Keep Me Informed

Code Enforcement

Why Use it?

Importance to Equitable Development

Most community builders seek to acquire buildings that can be used in community revitalization efforts. Community developers generally find an insufficient supply of affordable housing stock, or stock that is unsafe and uninhabitable. To increase the stock of revitalized and affordable units, many affordable housing developers try to acquire vacant properties that are government-owned or available through government programs. Others seek charitable funds to permit the purchase of buildings on the private market. These strategies, however, do not necessarily eliminate blight and substandard housing.

Change the Intent

Where housing code enforcement is spurring gentrification, communities must work to capture the benefits of enforcement for the community good.

The failure of some owners to maintain their buildings can result in deteriorated structures where tenants remain, lacking other options.

When housing code enforcement is used to address these conditions, it can play a role in gentrification. When local jurisdictions step in to require that landlords address substandard conditions, their actions can cause wholesale eviction of current tenants while rehabilitation takes place, or can result in improvement and rent increases beyond the means of current residents.

Housing code enforcement can also be triggered to transfer building ownership from an exploitative owner to a responsible nonprofit developer, tenant association, or community group - both improving the neighborhood and increasing the stock of quality affordable housing.

Historic Use of Code Enforcement

Most local governments have use housing codes to ensure safe and habitable affordable housing within their jurisdictions. Only recently has housing code enforcement been invoked by tenants and community organizations to increase tenant and community ownership of multi-family dwellings.

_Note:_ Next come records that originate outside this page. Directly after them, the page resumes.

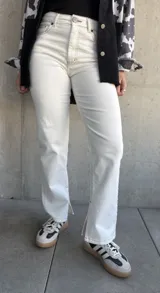 Pantalón de jean color natural, de corte recto con tajos en el lado interno de la pierna y costuras color oro.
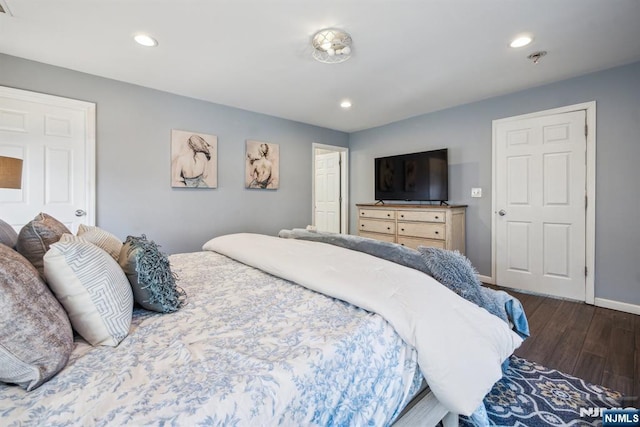 bedroom with recessed lighting, wood finished floors, and baseboards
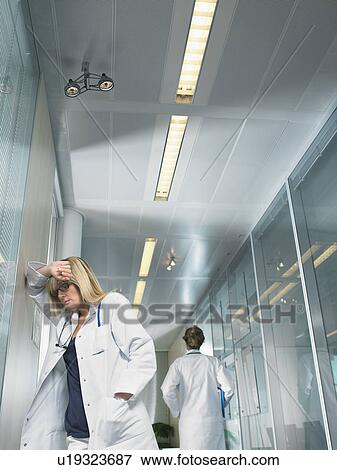 Concerned female doctor in lobby of a hospital another female doctor walking away. View Large Photo Image Stock Photo - Concerned female doctor in lobby of a hospital another female doctor walking away.. Fotosearch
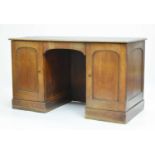 Mahogany twin pedestal desk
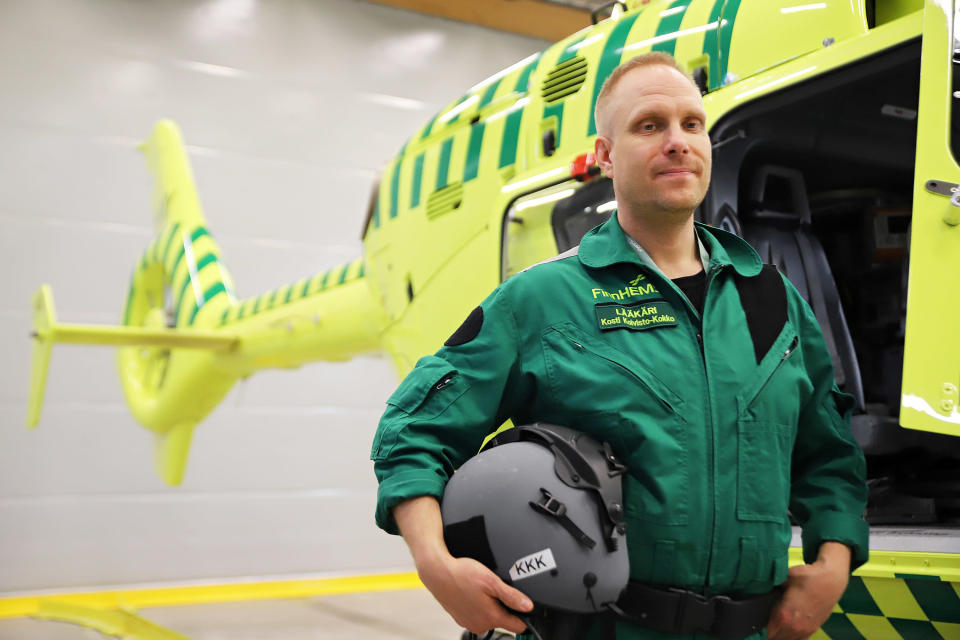 Mies poseeraa lääkärihelikopterin edessä.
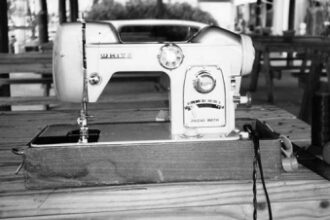 Home sewing machine doing duty outdoors.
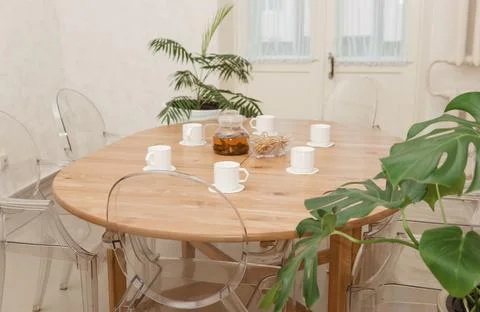 Cozy dining setting featuring a round wooden table surrounded by transparent Foto stock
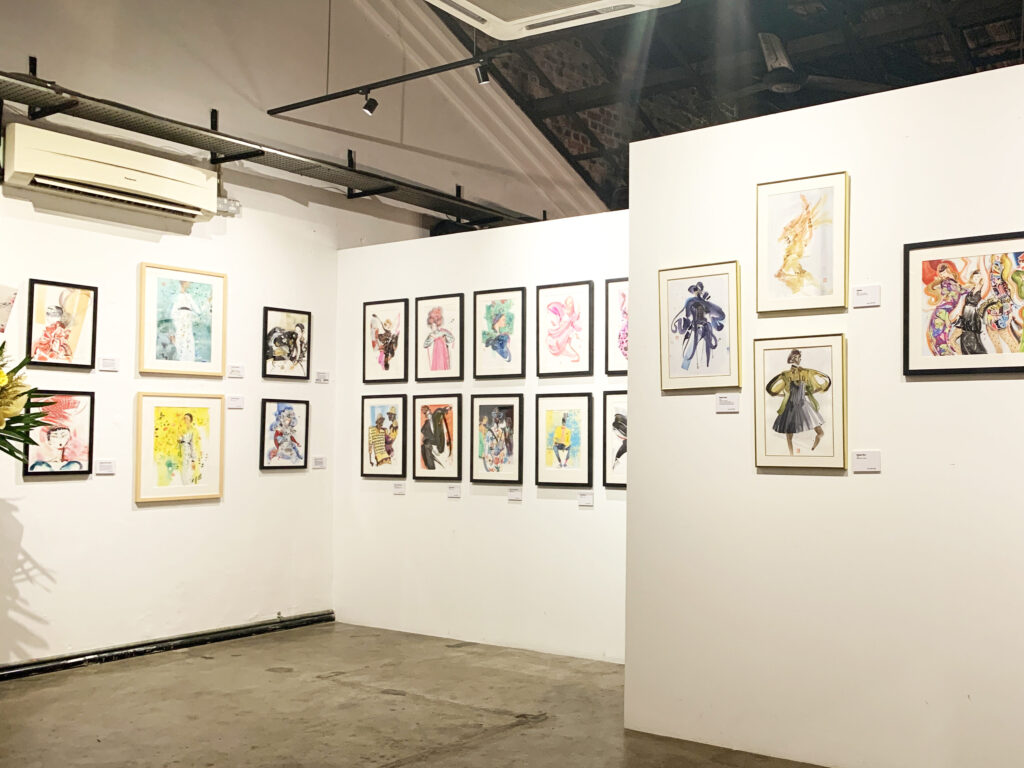 Installation view of the Busana Malaysia exhibition: framed fashion illustrations of Malaysian designers' traditional costume reinterpretations, hung on a white gallery wall.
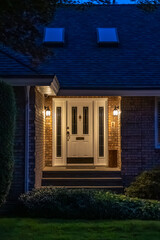 Entrance of luxury house with nice green Summer landscape at night in Vancouver, Canada, North America. August 2025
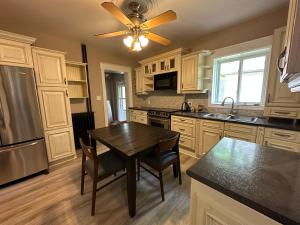 a kitchen with a table and a ceiling fan at THE RED STAR ROOM A in Niagara Falls
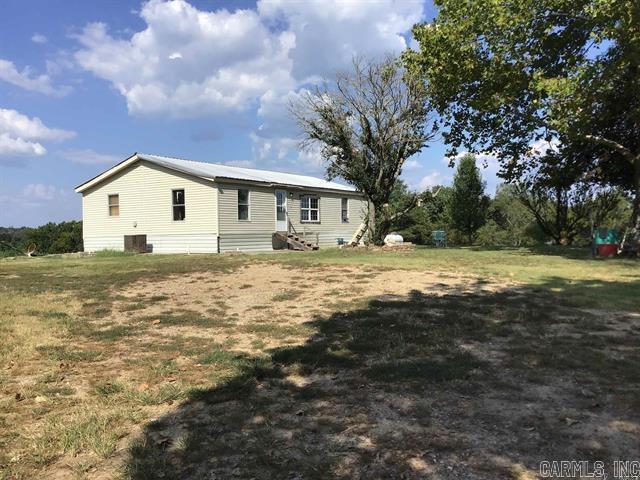 Great Mountain views from this hilltop home & outbuildings over looking the 40 acres of beautiful hay meadows in front & pastures to the back with year round Buffalo Creek bordering the back of property & a wonderful large stocked, spring fed pond. Come & enjoy this wonderful country life swimming, fishing & canoeing without leaving home but a short distance away are lots of National Forest, ATV trails, Gilham Lake, DeQueen Lake, Broken Bow Lake, Talimena Drive, & great hunting, fishing & lots of water sports. At the end of the day retire to this homey 1200 SF, 3 Br, 2 bath home & man cave. They are leaving a really old Oxen Yoke that has been made into a light fixture for the kitchen to go along with the historical tin ceiling there. The living room, dining, & kitchen are all open to each other, with a split floor plan for the bedrooms. The man cave is in a separate building & could become a guest house quarters. The yard is full of flowers & old & beautiful flowering & fruit trees that make spring & summer so pretty here. A large barn will hold the hay that is produced on this property. No Restrictions are on this Property!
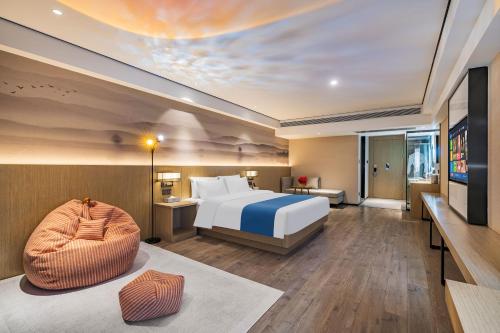 昆明市にあるRamada Encore by Wyndham Kunming Guanduのベッドとテレビがあるホテルの部屋
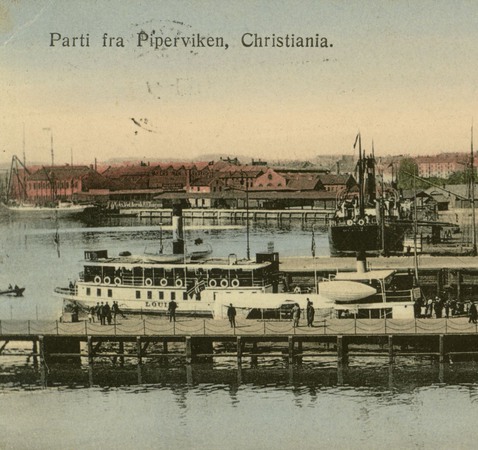 Vykort som visar båtar och hus i en hamn. Text: Parti fra Piperviken, Christiania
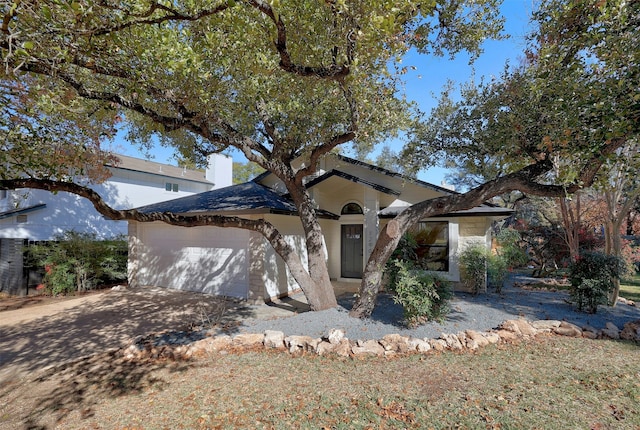 view of front of property with a garage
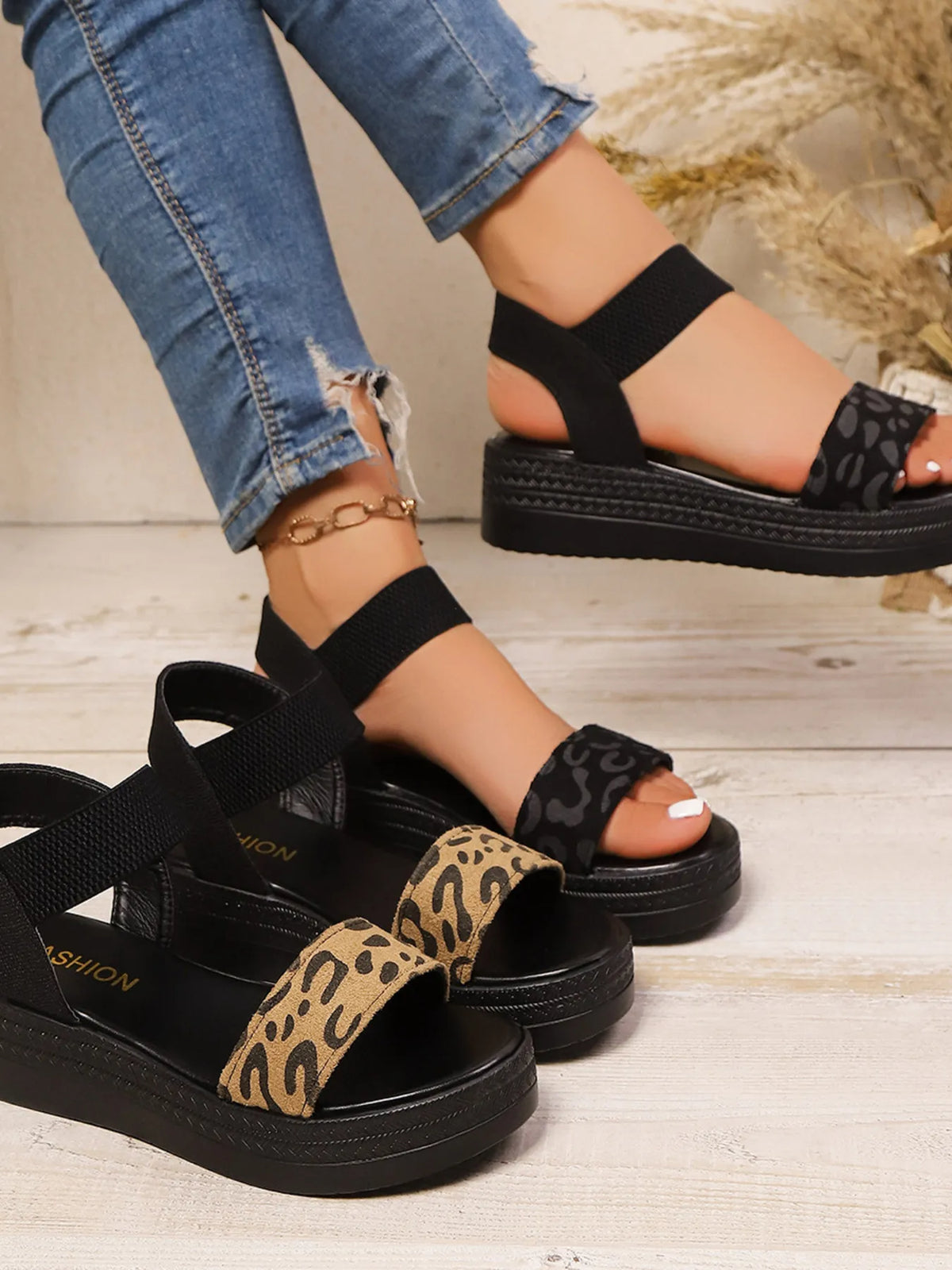 Black sandals with leopard print straps worn with ripped jeans on a wooden floor.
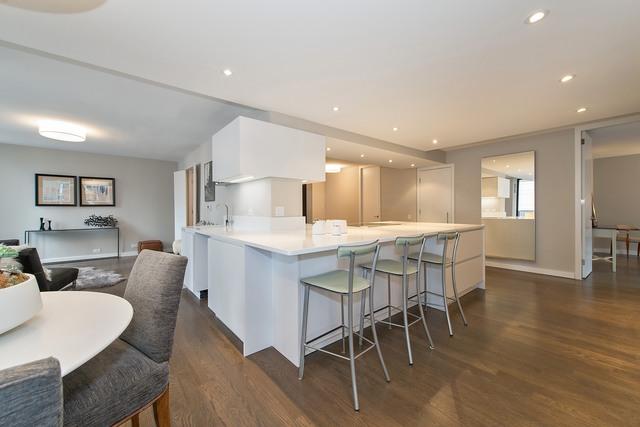 200 E Delaware Pl Unit 18F, Chicago, IL 60611 - kitchen featuring dark wood finished floors, white cabinets, a kitchen breakfast bar, and recessed lighting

  • The predominantly Latino and Vietnamese tenants of several buildings in Washington, D.C. are using the District's housing code enforcement efforts to ensure tenant and nonprofit developer ownership of the buildings and an end to exploitation by the owner.
  • Local government is using housing code enforcement to increase the affordable housing stock in Charleston, South Carolina, where city officials condemned vacant properties and then renovated them as part of a new affordable home with ownership program.
  • San Jose oriented its housing code enforcement in a community building context through its mission statement: "Code Enforcement works with the Neighborhood Services Department in improving the physical quality of these neighborhoods and initiating ongoing strategies to empower the residents."

Know the Context

A community should examine its jurisdiction's use of housing code enforcement as a predictor of the jurisdiction's likelihood of cooperating in future use of the tool to support a community-driven effort to revitalize.

The history of local government's enforcement of its housing codes is critical to understanding the dangers inherent in its use in particular jurisdictions. In many cities, the pattern of housing code enforcement is familiar: years of under-enforcement of housing codes in low-income and minority communities result in unsafe buildings, followed by aggressive enforcement when new investments are made in those communities. Community residents often correlate the arrival of the government inspectors with the approach of for-profit developers and the economic forces that will drive them out.

 

A jurisdiction's current code enforcement efforts can guide community response. If the city is in the under-enforcement period, the community may be able to use enforcement to encourage tenant-beneficial repairs. If the city is overenforcing, the community may have to work to redirect the city's goals with a focus on community revitalization.

Advantages of Using the Tool

Full Participation Required

Without voluntary or forced cooperation of all of the necessary elements of the local government, the community runs the very real danger of not only the benefit of housing code enforcement going elsewhere, but also of the community being significantly harmed by the code enforcement process.

The tool wields powerful coercive mechanisms and delivers powerful partners. Communities have ways of getting negligent property owners to the negotiating table. Housing code enforcement can include criminal prosecution. Such a threat can compel action, and leverage benefits for the community.

Ensuring Community Benefit

Housing code enforcement can benefit the community when:

  • Local government specifically negotiates improvements linked to long-term affordability.
  • Tenants associations negotiate transfer of ownership and develop long-term preservation as affordable housing for themselves and their successors.
  • A broad spectrum of tenant and community groups develops a common perspective on using housing code enforcement to achieve results.